Halotools Science Overview

In this section of the documentation we give a qualitative description of the motivation and functionality of Halotools in broad strokes. You can get a more detailed picture of the package by navigating to Getting started with Halotools.

Halotools is a fully open-source project, and is the product of collaboration by many scientists from numerous universities. If you are interested in contributing to Halotools, and/or in learning more about how the package works under the hood, see the Source code notes grouped by category.

Core Science Aim

The core science aim of Halotools is to provide a generalized platform for building and testing models of the galaxy-halo connection. Halotools achieves this via a standardized interface for generating mock galaxy populations. The interface has been built with the following considerations:

Simplicity: Building a model, generating a synthetic galaxy population, and making mock observations can be accomplished in just a few lines of easy-to-read python code.

Modularity: Model components can easily be swapped in and out, so complex models can be constructed by composing a collection of simple features written in independent modules.

Performance: Behind the interface, the back-end is heavily optimized with MCMC-type applications in mind; generating model predictions such as galaxy clustering and lensing typically only takes a few seconds on a modern laptop.

For convenience, Halotools comes pre-loaded with traditional models such as the HOD, the CLF, and the many variants of abundance matching. The package also includes numerous new classes of previously-unexplored models, and a range of flexible templates for building and testing models based on your own ideas about galaxies. In the sections below we elaborate on the three branches of astrophysics that Halotools is designed to study.


The Halotools approach is to directly populate simulated dark matter halos with mock galaxies, and then make measurements on each Monte Carlo-realized universe as you would on an observed galaxy catalog. Direct mock population offers a powerful way to expand the set of cosmological observables deep into the nonlinear regime, while still maintaining the rigor of the precision-cosmology program.

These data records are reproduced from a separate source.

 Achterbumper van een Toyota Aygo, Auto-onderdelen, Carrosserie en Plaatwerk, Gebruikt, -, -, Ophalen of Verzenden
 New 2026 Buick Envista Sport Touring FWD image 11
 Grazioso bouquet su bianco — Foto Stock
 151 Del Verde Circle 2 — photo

This approach offers three distinct advantages:

New observables: Freed from the restrictions of calibrated fitting functions, direct mock population permits the study of any statistic that can be computed from a mock, such as marked correlations, void probabilty functions, and group-based statistics.

Model sophistication: With Halotools, your models are not limited by restrictive-but-common assumptions such as that a halo’s total mass is its only physically relevant property. You can connect galaxies to halos in whatever manner you wish.

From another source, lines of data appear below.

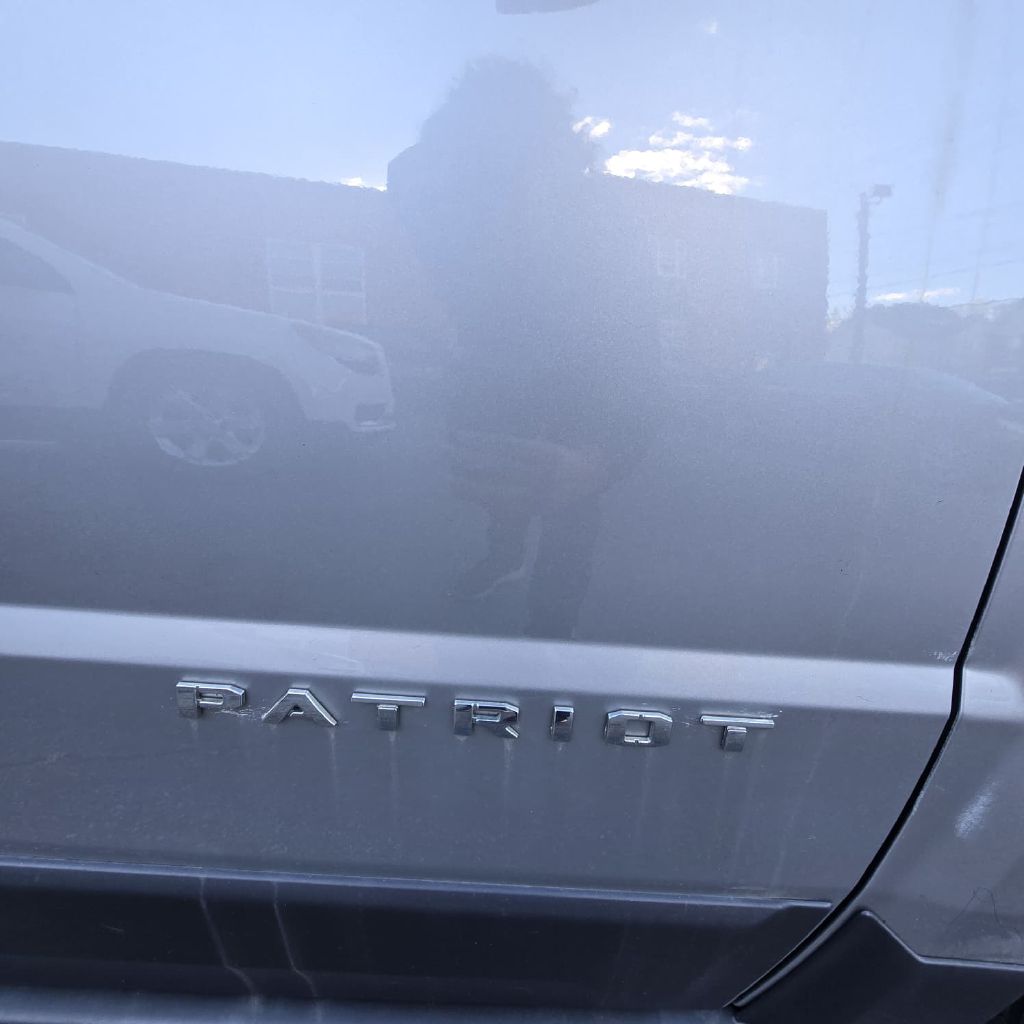 Photo 5 of this JEEP PATRIOT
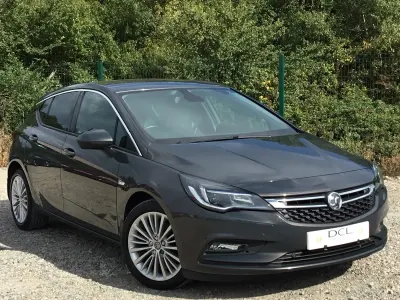 Used Vauxhall Astra Elite 110 HP (80 kW) 2016 Grey Hatchback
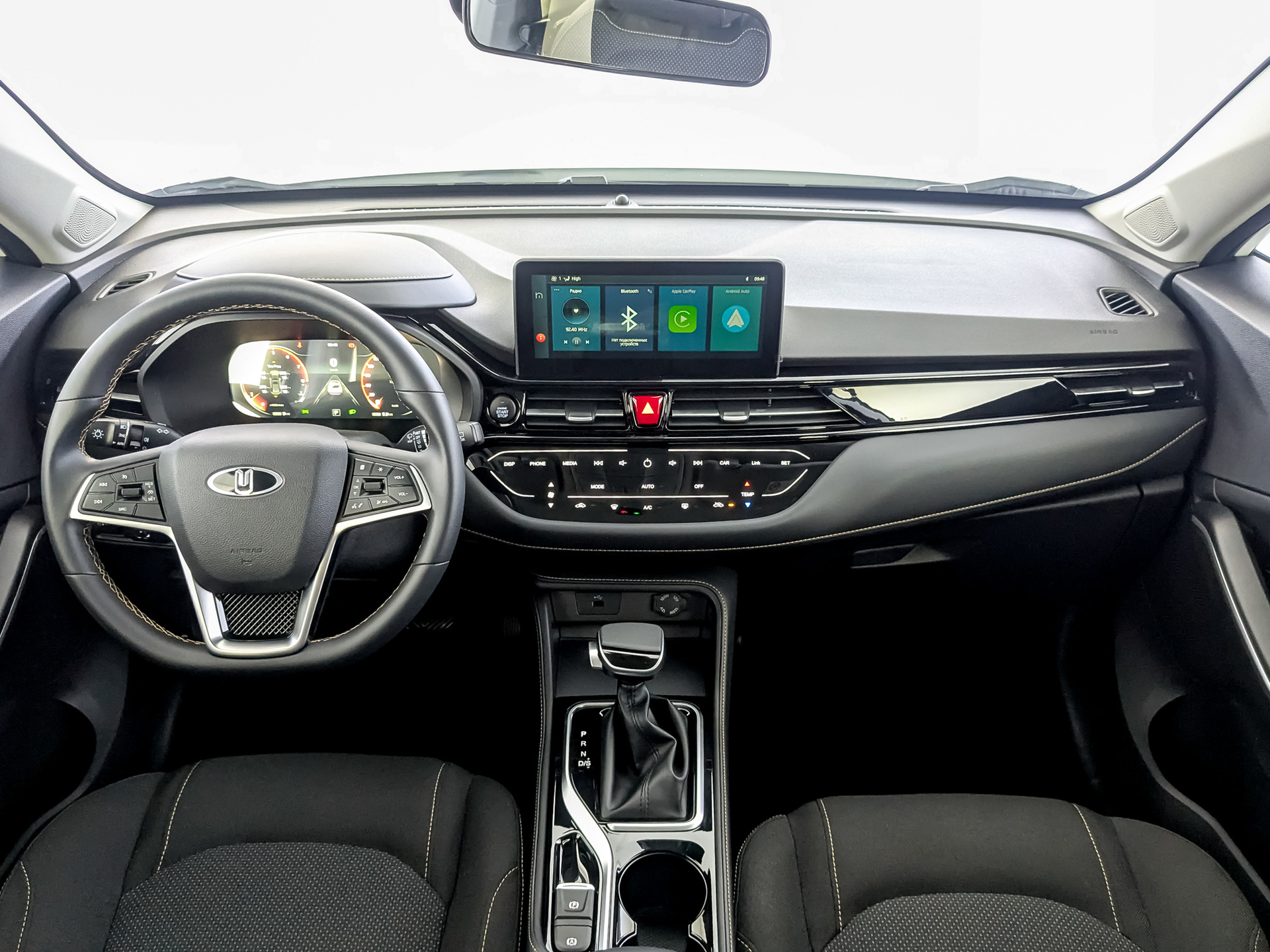 Фото Москвич 3 Комфорт с телематикой 1.5T/136 CVT 5D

Systematic rigor: Because Halotools uses simulations directly, by comparing parameter inferences derived from fitting functions you can rigorously test the assumptions of traditional methods and quantify systematics in terms of your science target of interest.

Galaxy Evolution

Historically, it has been challenging to form clear connections between the predictions made by 1. hydrodynamical simulations, 2. traditional semi-analytical models, and 3. cosmological models such as the HOD. One of the chief goals of Halotools is to provide a bridge between these and other complementary approaches to modeling galaxy evolution.

Direct mock population is the linchpin of this program. With Halotools, synthetic realizations of cosmological models can be built directly into any simulated box, permitting both statistical and halo-by-halo comparisons. By successively introducing model features in such comparisons, it becomes possible to ask very targeted questions about how a feature of one galaxy evolution model manifests in the language of another. We will expand on various aspects of this program throughout the Halotools documentation.

Structure Formation

Halotools provides fast, easy-to-use python code to analyze cosmological simulations. There is end-to-end support for downloading publicly available “raw” catalogs of simulated data, reducing the (quite large) catalogs to memory-mapped binary files, managing the cache of simulations, and studying the data with a variety of common analysis techniques.

Here are a few examples of questions about cosmological structure formation that you can explore using Halotools:

  • What are the infall and orbital histories of satellites of a Milky Way-type halo?
  • How does a halo’s large-scale environment impact its dark matter accretion rate?
  • What information about a halo’s assembly history is contained in its present-day internal structure?